## [Task brief]
Write out, word for word, every line from the one containing "Kraft Macaroni &" through the final line of the records.

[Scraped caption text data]

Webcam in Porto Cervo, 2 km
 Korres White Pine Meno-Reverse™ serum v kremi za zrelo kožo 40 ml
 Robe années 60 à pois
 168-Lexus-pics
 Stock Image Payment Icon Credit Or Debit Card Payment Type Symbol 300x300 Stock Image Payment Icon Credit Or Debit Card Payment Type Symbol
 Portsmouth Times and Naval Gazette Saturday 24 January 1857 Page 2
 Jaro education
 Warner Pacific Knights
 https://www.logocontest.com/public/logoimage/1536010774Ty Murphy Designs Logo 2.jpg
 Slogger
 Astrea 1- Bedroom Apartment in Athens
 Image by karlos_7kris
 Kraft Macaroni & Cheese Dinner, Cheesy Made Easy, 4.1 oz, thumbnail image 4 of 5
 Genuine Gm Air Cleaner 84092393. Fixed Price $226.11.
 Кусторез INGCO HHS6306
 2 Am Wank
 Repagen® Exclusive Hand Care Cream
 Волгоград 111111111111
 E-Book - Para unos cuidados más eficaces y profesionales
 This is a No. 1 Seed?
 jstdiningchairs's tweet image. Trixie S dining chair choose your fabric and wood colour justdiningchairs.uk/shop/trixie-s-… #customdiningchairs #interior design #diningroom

## [Expected answer]
 Kraft Macaroni & Cheese Dinner, Cheesy Made Easy, 4.1 oz, thumbnail image 4 of 5
 Genuine Gm Air Cleaner 84092393. Fixed Price $226.11.
 Кусторез INGCO HHS6306
 2 Am Wank
 Repagen® Exclusive Hand Care Cream
 Волгоград 111111111111
 E-Book - Para unos cuidados más eficaces y profesionales
 This is a No. 1 Seed?
 jstdiningchairs's tweet image. Trixie S dining chair choose your fabric and wood colour justdiningchairs.uk/shop/trixie-s-… #customdiningchairs #interior design #diningroom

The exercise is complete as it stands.